Assign pairs of students to make charts showing the names and ages of the patriarchs mentioned in Moses 6:10–25 (see Moses 8:1–12; Genesis 7:1–6; 9:28–29). Ask students what they learn from this chart about the early patriarchs. What book did Enoch preach from (see Moses 6:46)? Why did Enoch preach (see verses 27–30, 42, 68)?
Ask a student to read Doctrine and Covenants 68:2–4 aloud, and then invite students to share what these verses teach about scripture. Invite a student to read Moses 6:5 aloud. Ask students how they think Doctrine and Covenants 68:2–4 applies to the book of remembrance kept by Adam. Display and ask a student to read aloud the statement by Elder Bruce R. McConkie about this book of remembrance in the commentary under “Moses 6:5–6. The Origin of Language and Writing” in the student manual. Discuss the statement as a class.
Show students that in the book of Moses two groups or types of people are mentioned: the “children of God” or “sons of God,” who were righteous (see Moses 6:8, 68), and the “children of men” or “sons of men,” who had not yet accepted or who had rejected the gospel (see Moses 5:52; 6:15, 23). Assign a few students to share what they learn in Moses 5:52–56; 6:15 about the children of men, and assign others to share what they learn about the children of God in Moses 6:8–14, 16–25.
Invite a student to read Moses 6:15 aloud. Ask students what the words dominion and rage mean. What did Satan’s dominion and rage lead to in the days of Seth? Discuss what 2 Nephi 28:20–22 teaches about Satan’s methods in the last days. How is Satan able to get into people’s hearts?
Ask several students to take turns reading Moses 6:23 and Alma 4:19; 17:9–17; 31:5 aloud. Then invite students to share what they learned about the preaching of righteousness from these verses. Point out that in the remaining verses of Moses 6–7 there are several excellent examples of true preachers of righteousness. Ask students to name people in the Church today who could be called “preachers of righteousness.”
Invite a few students to take turns reading Moses 6:26–36 aloud. What was Enoch called to do? Why did he feel reluctant? Ask a student to read verses 32–36 aloud. List what helped Enoch accomplish what the Lord commanded (see also 1 Nephi 3:7). Invite students to share examples of how they have felt about calls to serve, and how the Lord has helped them succeed in their callings.

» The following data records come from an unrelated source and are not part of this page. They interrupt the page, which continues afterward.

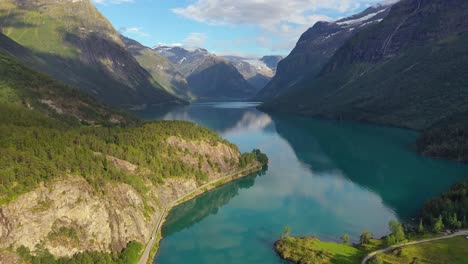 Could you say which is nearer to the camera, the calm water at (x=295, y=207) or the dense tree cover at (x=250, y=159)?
the calm water at (x=295, y=207)

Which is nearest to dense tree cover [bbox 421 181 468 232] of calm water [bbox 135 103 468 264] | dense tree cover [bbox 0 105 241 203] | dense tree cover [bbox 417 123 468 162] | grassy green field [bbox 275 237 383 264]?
A: calm water [bbox 135 103 468 264]

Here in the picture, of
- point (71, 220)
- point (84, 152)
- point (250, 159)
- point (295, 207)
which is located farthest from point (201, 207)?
point (71, 220)

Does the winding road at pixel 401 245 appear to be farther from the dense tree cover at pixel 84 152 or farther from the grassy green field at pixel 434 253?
the dense tree cover at pixel 84 152

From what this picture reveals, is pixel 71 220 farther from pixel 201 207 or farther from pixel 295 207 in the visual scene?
pixel 295 207

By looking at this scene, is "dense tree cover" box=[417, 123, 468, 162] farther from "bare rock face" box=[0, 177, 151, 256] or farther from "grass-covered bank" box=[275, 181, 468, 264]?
"bare rock face" box=[0, 177, 151, 256]

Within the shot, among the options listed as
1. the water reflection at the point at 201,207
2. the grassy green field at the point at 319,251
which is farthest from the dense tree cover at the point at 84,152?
the grassy green field at the point at 319,251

Invite a few students to take turns reading Moses 6:26–36 aloud, while the rest of the class follows along and compares Enoch’s heart, ears, and eyes to the hearts, ears, and eyes of the people. What was Enoch blessed to feel, hear, and see that the people could not? Why? Ask students to suggest truths illustrated by Enoch’s washing of his eyes (see verses 35–36). Invite students to find and share scriptures that teach how we can open our heart, ears, and eyes to the Lord.

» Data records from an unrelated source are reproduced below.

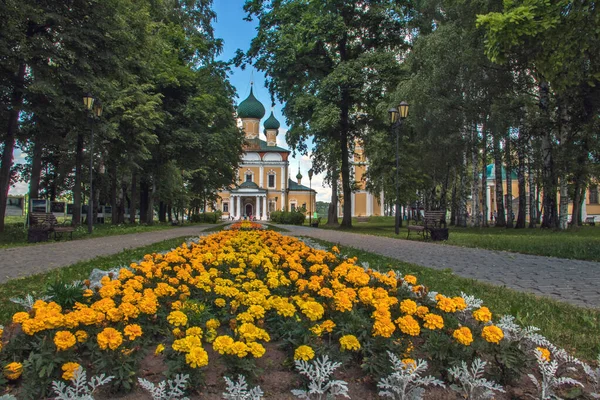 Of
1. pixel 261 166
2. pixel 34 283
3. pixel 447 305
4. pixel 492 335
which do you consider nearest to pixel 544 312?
pixel 447 305

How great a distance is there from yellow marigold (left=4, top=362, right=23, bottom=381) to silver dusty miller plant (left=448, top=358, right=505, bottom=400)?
217 cm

Ask a student to read Moses 6:37–38 aloud. Invite students to share why they think the people reacted as they did. Review the Lord’s promises in verses 32–35 and their fulfillment in verses 36–39, 47 (see also Moses 7:13).
Ask students to find the question that Enoch asked the people in Moses 6:43, and then invite them to restate the question in their own words. Compare the people of Enoch’s day in Moses 6:27–28, 43 to the principles Jacob taught in Jacob 4:8, 10, 14. Ask students why they think some people prefer their own counsel to the counsel of the Lord. Discuss what we can do to better seek and follow the Lord’s counsel.